Think you are talking about aligned vs unaligned read/writes here? while that problem mostly has gone away on modern architectures. However you can load 4x32 bit floats into a single 128 bit sse register with a single instruction, while if you need to load a 3x32 bit into an sse register you’ll need to split up this operation with several loads and in the end combine them. there is without a performance penalty there.
that being said, given sculpting can pull it off to work fluidly on a high density mesh, i’m still convinced that algorithmic changes to edit more are the preferred way to go here rather than nitpicking at the micro level (which could probably still be done after the algorithmic changes if needed)
Thanks for the link and other things to mull over Jacques.

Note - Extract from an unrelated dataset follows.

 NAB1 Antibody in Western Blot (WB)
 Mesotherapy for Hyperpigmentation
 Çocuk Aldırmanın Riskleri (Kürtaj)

I especially like that Intel already did the exercise to show that AoS to SoA conversion at runtime is potentially worthwhile (and gave code too :)) Yes, I did not expect miracles with SSE, especially with all the scenarios I profiled being extremely slow already. I was just curious really and wanted to explore the code base more. I modeled some of what I did on the existing Cycles SSE kernels (at least to double-check the math etc.)
The alignment comment is more about storing things natively in __m128 vs. float rather than the difference between a loada and loadu really. While float's don’t come with an alignment requirement, and loading those directly is indeed fast enough, __m128 would come with strict 16 byte alignment requirements which would necessitate a better set of structure design and layout in some places. Good to know that ignoring loada and loadu differences would probably be fine; float would more naturally fit within existing blender practices instead of spreading the SSE types around anyhow.
In the meantime I’ll just keep my playground open to anyone wanting to play or develop but won’t send out patches. If proper algorithmic changes end up happening I’ll re-evaluate if the micro improvements show any promise again later.
No doubt there are cases where alignment and padding matter, but I would shy away from padding data structures “just because”. Inflating a core data structure by 25% (possibly reducing cache hit rate) before even having identified a bottleneck is - to me - premature optimization.
I’m not saying SIMD is useless - once you have identified a bottleneck, it can be quite beneficial. In my experience, normal calculations are often a bottleneck and simply doing four sqrt() operations in parallel (while leaving everything else inn scalar code) can already improve things noticeably.
The story in Cycles is a bit different: storing XYZ in a float4 was not only beneficial on Core 2 generation CPUs, but CUDA and OpenCL also natively work with float4. Cycles also has different algorithms and data layout for different architectures - BVH2 for GPUs, BVH4 for SSE2 and BVH8 for recent AVX.